During a one-day trip south of the border, Secretary of State Hillary Rodham Clinton on Monday lauded Mexico for battling drug cartels she once compared to an insurgency.
Clinton said President Felipe Calderon has been “courageous” in shouldering his share of the two nations’ battle against cross-border criminal networks.
“This is very hard, and what President Calderon has done is absolutely necessary,” Clinton said after meeting with Foreign Minister Patricia Espinosa in Guanajuato, a colonial-era mining city. “There is no alternative.”
She vowed continued U.S. support through equipment and training for Mexican law enforcement, and by targeting the southbound flow of arms and money into Mexico.

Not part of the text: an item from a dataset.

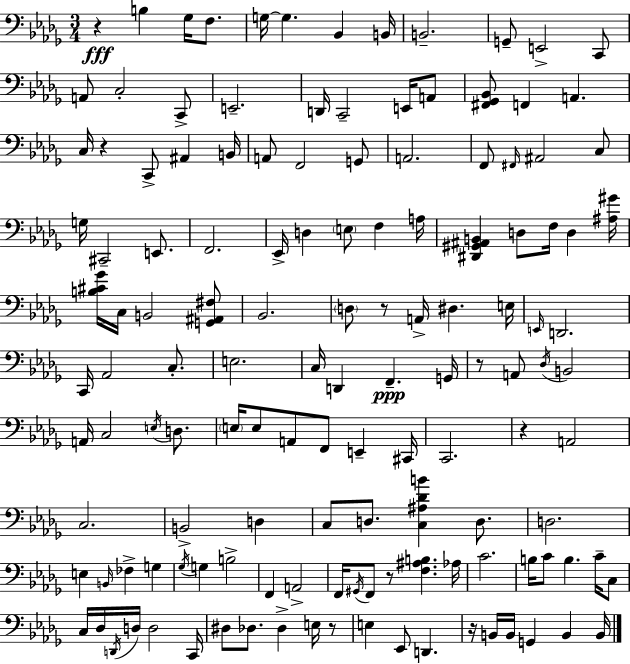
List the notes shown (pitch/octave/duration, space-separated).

Clinton later traveled to Mexico City to visit with Calderon, who declared war on drug cartels when he took power in December 2006.

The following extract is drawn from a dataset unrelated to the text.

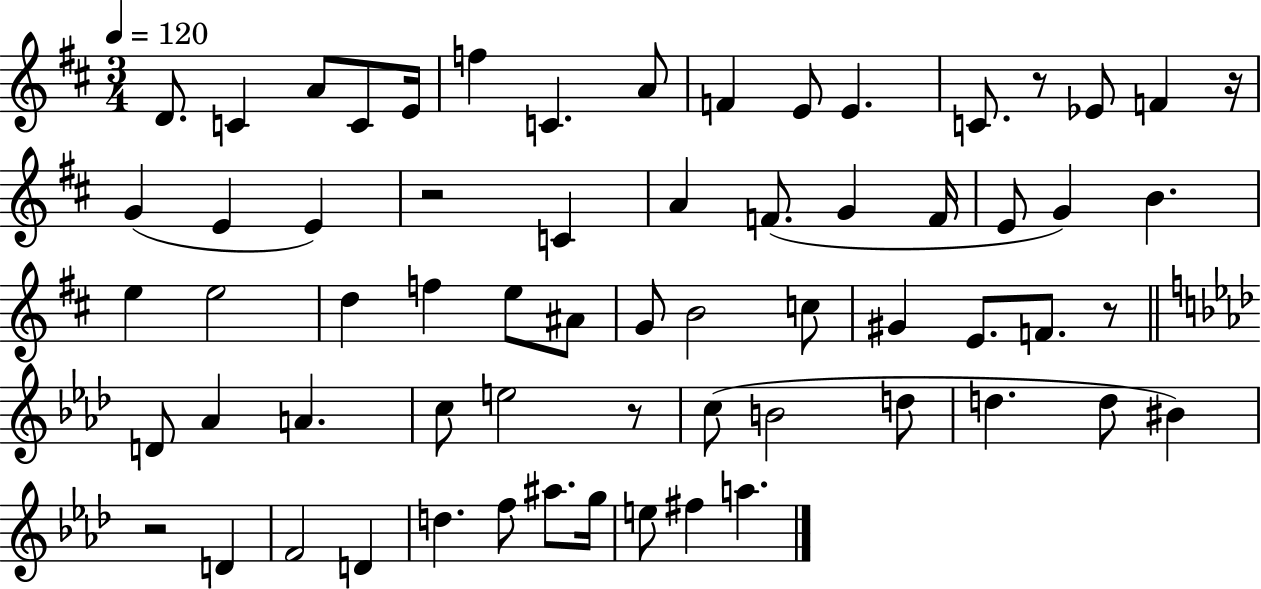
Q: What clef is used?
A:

Clinton’s talks with Espinosa also touched on border management, trucking and climate change. The diplomats didn’t announce any new initiatives in the war against Mexico’s powerful traffickers. Last year, Clinton irked Mexican officials when she compared those groups to a Colombia-style “insurgency” of years past.
The central state of Guanajuato where Clinton and Espinosa met has been relatively free of the violence that has pushed the drug war high on the bilateral agenda. Nationwide, the death toll exceeds 34,000 in four years. Most of the killing stems from fighting among drug traffickers for control of smuggling routes and local markets.
The violence has sown terror in border cities such as Ciudad Juarez and the northern states of Tamaulipas and Nuevo Leon.
A day before Clinton’s visit, seven men were killed in Ciudad Juarez — Mexico’s most violent city — when unidentified gunmen opened fire with assault weapons at a public soccer field. Eight gunmen were reported killed in clashes Monday with Mexican troops outside the industrial city of Monterrey in Nuevo Leon.
The rising bloodshed pushed Calderon last year to seek U.S. help in bringing calm to Ciudad Juarez, according to a U.S. diplomatic cable made available by WikiLeaks and newly published by Spain’s El Pais newspaper.